─── Information ───
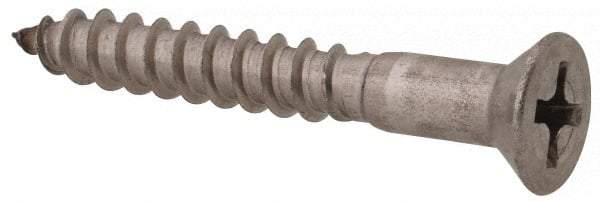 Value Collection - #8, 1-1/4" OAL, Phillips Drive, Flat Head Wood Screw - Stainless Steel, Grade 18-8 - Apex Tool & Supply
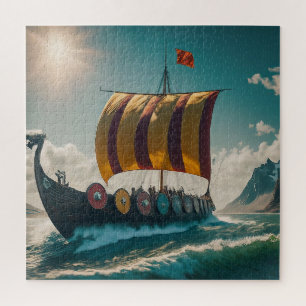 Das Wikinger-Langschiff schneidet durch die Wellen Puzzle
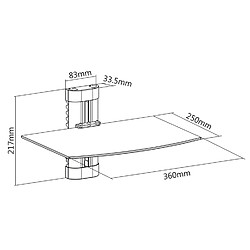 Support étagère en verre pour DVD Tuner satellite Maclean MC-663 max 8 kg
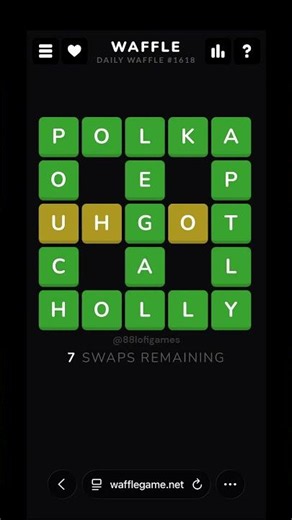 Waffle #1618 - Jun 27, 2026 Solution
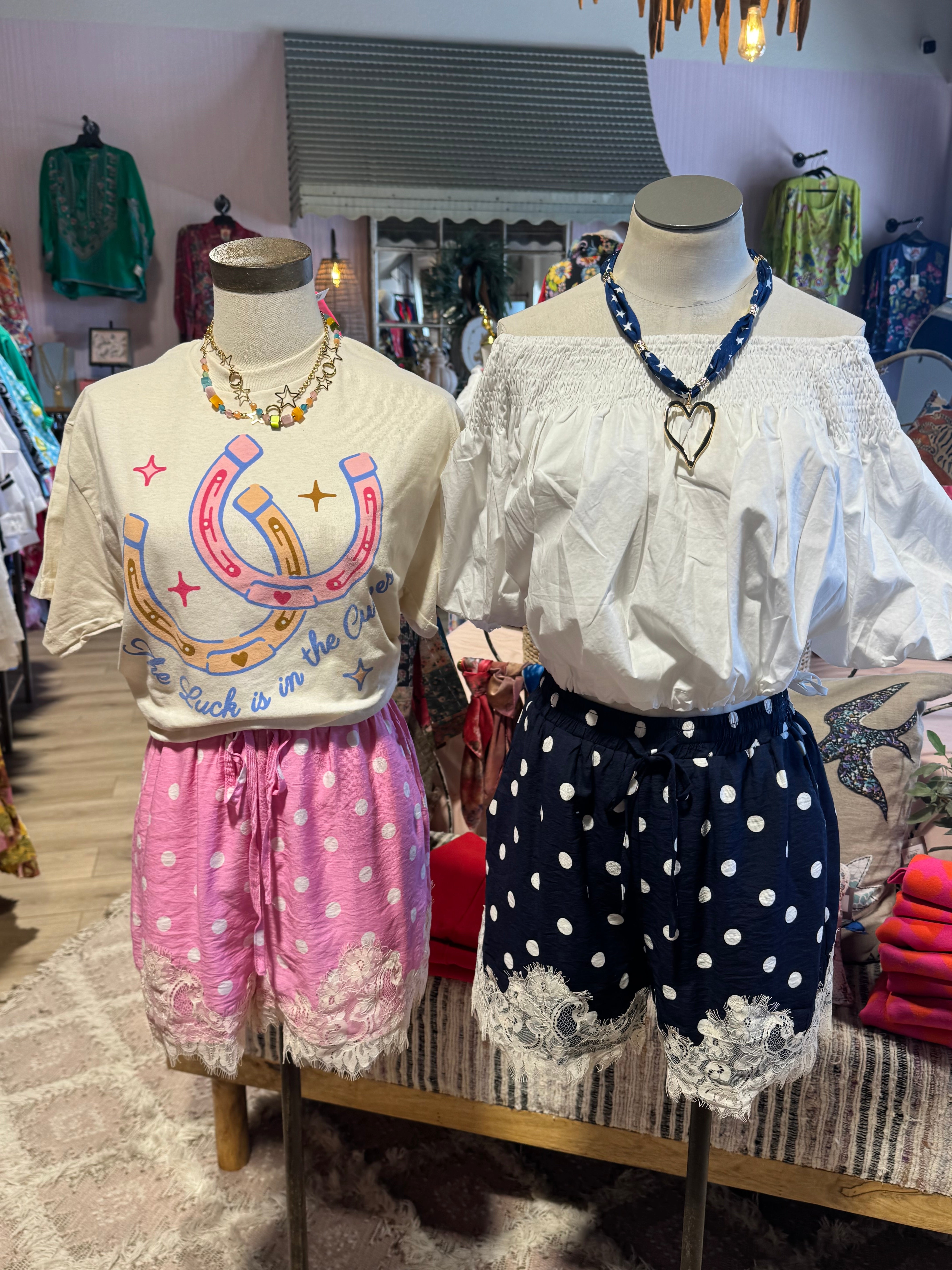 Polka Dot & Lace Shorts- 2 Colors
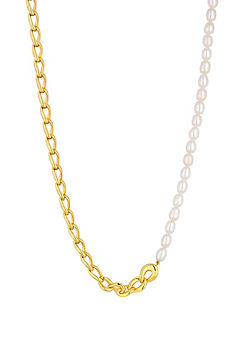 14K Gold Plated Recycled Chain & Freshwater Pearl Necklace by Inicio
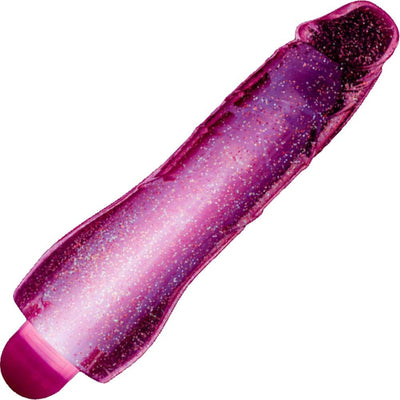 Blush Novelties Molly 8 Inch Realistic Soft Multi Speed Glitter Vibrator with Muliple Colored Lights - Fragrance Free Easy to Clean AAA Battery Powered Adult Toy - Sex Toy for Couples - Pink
───
## [Instructions to follow]
The expected output is an exact retyping of the lines from the line with "14K Gold Plated" through the last line of the data, with both ends kept and the pictures dropped.

## [Answer area]
 14K Gold Plated Recycled Chain & Freshwater Pearl Necklace by Inicio
 Blush Novelties Molly 8 Inch Realistic Soft Multi Speed Glitter Vibrator with Muliple Colored Lights - Fragrance Free Easy to Clean AAA Battery Powered Adult Toy - Sex Toy for Couples - Pink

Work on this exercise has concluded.